By the time he had landed his fiftieth strike from mount, Jon Jones could reasonably start spending the winner’s share of the purse. Instead, he regressed into an old-school vale tudo mentality -- odd, since he just started fighting -- and delivered elbows with his fist pointed directly at the ceiling. Play-by-play commentator Joe Rogan huffed at the rule, which seems arbitrary in light of arching elbows being allowed, but point-of-elbow strikes look to have a far greater ability to sink themselves into an eye socket. Jones’ ground-and-pound is absolutely ferocious: it doesn’t need to be blinding.
What do you do with Kimbo Slice?
Recruiting Kevin Ferguson for “The Ultimate Fighter” might be comparable to an impulse purchase at a big-box store: an automatic pancake maker sounds good, but what do you really do with it? Slice will never be able to contend with the elite of the heavyweight division: Paul Buentello, Ben Rothwell, and Junior dos Santos would thump his head, while any reasonably decent ground technician would fold him into a carry-on.
How long does Edgar have to wait for his due?
New Jersey’s Frankie Edgar -- who must be very annoyed with MTV about now -- is 6-1 in the UFC’s lightweight division, losing only to potential number-one contender Gray Maynard in 2008. After Maynard, there’s no one more deserving for a shot at the 155-pound title. He has to be getting restless.
Is anyone going to set their DVRs for “Ultimate Fighter 11”?
In finally succumbing to Chuck Liddell’s repeated pleas to return to competition, the UFC is behaving in the most humane way possible: by giving him the motor-mouthed Tito Ortiz to abuse for a third time. (If Liddell has lost a step, Ortiz has lost four; a third fight won’t be any different.) Admirable, but the notion of extending what’s essentially a vanity fight of also-rans into 12 weeks of television is horrifying.

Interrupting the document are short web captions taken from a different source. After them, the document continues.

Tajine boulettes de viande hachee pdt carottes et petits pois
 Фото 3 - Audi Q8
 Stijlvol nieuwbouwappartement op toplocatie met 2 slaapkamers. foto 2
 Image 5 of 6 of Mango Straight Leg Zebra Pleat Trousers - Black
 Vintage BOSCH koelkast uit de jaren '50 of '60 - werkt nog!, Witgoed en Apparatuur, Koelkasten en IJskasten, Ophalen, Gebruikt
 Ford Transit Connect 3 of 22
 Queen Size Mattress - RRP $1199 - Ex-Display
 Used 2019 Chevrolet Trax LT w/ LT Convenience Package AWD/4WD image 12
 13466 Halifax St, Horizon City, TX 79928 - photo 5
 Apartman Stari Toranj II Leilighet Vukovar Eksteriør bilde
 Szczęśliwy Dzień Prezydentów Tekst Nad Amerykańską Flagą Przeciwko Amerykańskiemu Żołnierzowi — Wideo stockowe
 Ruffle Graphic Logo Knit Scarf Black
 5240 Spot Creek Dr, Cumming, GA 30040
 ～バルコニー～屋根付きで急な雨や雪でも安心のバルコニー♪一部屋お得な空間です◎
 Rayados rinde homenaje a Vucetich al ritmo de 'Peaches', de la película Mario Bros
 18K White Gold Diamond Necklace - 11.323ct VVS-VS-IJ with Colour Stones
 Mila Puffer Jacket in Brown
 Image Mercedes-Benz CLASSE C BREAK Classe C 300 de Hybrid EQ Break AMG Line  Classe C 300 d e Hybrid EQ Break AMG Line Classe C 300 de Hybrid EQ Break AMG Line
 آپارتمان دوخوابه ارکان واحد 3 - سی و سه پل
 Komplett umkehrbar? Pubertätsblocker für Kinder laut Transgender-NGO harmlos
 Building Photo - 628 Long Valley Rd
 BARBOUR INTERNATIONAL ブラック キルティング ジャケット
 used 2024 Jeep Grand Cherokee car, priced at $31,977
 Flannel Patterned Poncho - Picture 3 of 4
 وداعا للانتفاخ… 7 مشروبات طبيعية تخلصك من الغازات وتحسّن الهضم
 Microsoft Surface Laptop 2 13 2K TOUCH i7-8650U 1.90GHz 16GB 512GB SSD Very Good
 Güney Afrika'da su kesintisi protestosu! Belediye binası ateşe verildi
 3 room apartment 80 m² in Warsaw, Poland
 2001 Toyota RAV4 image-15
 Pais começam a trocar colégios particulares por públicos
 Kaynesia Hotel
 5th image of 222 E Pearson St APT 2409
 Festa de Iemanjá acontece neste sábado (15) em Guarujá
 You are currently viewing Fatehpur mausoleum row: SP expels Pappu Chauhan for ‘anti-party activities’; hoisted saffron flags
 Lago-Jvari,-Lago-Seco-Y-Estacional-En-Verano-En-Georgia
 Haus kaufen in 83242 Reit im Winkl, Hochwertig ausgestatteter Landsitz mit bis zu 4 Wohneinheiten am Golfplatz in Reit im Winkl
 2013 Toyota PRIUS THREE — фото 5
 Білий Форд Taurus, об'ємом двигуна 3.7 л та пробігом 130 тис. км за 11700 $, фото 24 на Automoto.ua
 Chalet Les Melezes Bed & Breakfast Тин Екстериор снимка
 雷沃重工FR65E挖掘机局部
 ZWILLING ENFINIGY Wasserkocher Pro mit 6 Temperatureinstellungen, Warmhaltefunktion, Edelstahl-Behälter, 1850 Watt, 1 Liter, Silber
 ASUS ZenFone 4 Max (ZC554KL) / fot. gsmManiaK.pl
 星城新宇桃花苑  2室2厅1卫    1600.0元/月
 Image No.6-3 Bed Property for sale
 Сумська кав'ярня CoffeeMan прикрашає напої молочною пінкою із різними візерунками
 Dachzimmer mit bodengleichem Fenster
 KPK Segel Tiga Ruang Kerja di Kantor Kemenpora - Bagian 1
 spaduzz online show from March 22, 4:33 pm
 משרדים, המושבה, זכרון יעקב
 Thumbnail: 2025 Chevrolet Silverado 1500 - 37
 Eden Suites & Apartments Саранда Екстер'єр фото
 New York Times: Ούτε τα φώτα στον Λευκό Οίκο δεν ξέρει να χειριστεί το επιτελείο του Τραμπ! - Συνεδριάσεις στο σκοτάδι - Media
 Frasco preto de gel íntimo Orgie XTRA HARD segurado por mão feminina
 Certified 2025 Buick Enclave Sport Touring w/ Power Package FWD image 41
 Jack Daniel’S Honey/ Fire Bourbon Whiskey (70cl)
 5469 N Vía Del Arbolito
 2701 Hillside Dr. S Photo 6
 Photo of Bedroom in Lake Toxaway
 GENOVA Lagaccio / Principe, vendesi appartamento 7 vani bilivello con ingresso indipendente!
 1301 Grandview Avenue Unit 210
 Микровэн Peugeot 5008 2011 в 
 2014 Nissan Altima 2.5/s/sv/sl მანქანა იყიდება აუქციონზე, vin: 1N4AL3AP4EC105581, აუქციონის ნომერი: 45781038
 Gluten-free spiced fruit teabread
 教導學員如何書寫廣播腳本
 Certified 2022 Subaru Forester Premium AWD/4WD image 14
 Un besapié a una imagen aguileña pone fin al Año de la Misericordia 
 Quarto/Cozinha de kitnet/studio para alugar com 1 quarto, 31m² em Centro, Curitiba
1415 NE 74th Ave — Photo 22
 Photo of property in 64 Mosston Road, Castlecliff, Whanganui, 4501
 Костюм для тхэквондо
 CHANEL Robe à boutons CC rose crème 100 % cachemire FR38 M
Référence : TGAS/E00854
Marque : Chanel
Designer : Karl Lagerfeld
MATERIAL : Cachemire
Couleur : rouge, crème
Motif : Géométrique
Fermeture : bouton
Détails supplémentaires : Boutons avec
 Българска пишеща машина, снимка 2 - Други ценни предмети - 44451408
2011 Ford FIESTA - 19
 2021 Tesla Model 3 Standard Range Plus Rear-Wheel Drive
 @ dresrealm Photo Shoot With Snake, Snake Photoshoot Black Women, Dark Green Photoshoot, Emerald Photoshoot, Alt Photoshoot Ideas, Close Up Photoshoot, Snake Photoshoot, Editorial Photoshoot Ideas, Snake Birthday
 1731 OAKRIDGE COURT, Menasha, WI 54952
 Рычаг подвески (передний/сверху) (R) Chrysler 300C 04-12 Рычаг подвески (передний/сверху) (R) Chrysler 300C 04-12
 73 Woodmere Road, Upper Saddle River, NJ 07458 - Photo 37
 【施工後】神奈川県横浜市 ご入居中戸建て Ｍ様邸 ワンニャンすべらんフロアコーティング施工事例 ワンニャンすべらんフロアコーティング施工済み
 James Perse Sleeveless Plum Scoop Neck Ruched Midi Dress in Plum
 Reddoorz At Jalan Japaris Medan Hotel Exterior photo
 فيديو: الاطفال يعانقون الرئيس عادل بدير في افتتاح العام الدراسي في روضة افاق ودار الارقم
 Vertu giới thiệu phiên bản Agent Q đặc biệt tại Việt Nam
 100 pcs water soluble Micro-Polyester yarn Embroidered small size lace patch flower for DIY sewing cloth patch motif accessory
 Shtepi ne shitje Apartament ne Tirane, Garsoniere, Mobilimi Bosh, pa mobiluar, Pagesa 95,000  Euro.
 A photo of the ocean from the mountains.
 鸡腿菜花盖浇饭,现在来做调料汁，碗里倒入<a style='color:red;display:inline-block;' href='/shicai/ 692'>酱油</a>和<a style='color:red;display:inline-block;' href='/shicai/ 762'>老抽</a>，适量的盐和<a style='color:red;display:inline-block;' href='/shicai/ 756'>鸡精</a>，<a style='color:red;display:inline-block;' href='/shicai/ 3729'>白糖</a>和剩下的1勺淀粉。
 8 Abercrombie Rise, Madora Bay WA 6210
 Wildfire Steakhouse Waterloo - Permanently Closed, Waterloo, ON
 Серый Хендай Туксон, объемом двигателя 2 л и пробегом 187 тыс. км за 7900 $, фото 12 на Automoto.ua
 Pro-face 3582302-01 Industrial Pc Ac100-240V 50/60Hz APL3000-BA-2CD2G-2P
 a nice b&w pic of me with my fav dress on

Liddell -- bless him -- mumbles like Joe Frazier waking up from anesthesia; Ortiz aren’t not talk very good.
Two great orators at the podium for three months: at least it won’t tie up any titles or important fights. I hope they at least asked Renzo Gracie and Matt Hughes first: Gracie is his own reality show waiting to happen.
Will Slice ever please anybody?
Houston Alexander is a fighter with a powerlifter’s punch and not much else. He gasses, his ground game is shallow, and against Kimbo Slice, he literally ran in circles.
But he’s still a fighter with credible wins and eight years in the books. Slice gutted him out, maintained his patience, executed some impressive throws, and generally behaved more effectively than any backyard brawler from Florida has any right to. It’s a win in the UFC, where not every athlete is choice-cut, but no one is a complete waste of space. If that doesn’t impress you, think about adjusting your expectations.